_Activity:_
Copy, word for word, the lines of the entries below between the one with "Chester city skyline" and the one with "Juego de comedor", inclusive, and leave out everything else.

_The data:_
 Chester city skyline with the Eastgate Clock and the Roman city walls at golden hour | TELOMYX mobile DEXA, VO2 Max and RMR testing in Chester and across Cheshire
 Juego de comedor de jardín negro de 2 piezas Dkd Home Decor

---

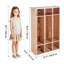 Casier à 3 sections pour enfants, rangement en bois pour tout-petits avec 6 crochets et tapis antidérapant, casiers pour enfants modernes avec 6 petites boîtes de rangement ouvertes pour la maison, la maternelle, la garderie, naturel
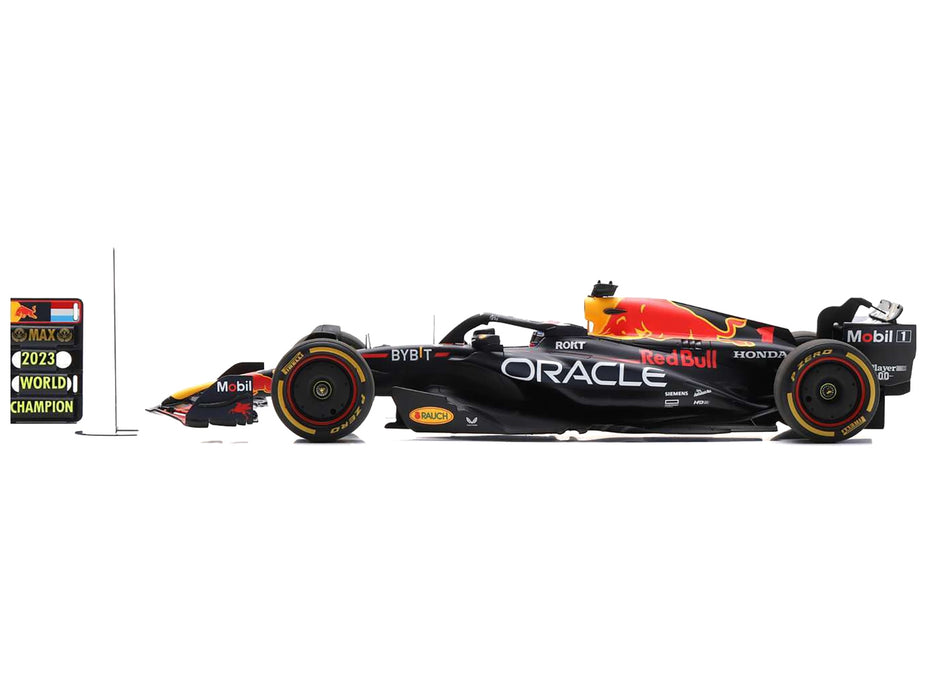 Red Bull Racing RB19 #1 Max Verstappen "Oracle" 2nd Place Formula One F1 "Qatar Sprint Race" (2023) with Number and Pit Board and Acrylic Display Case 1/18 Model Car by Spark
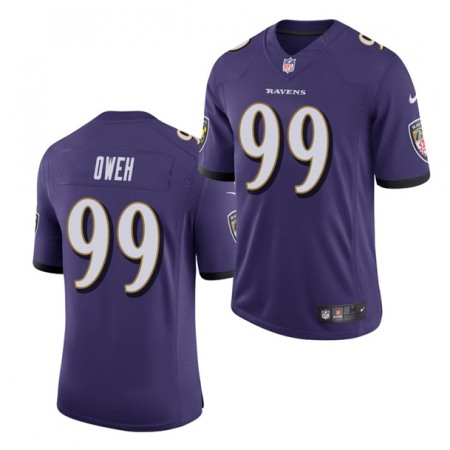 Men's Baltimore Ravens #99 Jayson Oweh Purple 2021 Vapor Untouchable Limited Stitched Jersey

_Written answer:_
 Chester city skyline with the Eastgate Clock and the Roman city walls at golden hour | TELOMYX mobile DEXA, VO2 Max and RMR testing in Chester and across Cheshire
 Juego de comedor de jardín negro de 2 piezas Dkd Home Decor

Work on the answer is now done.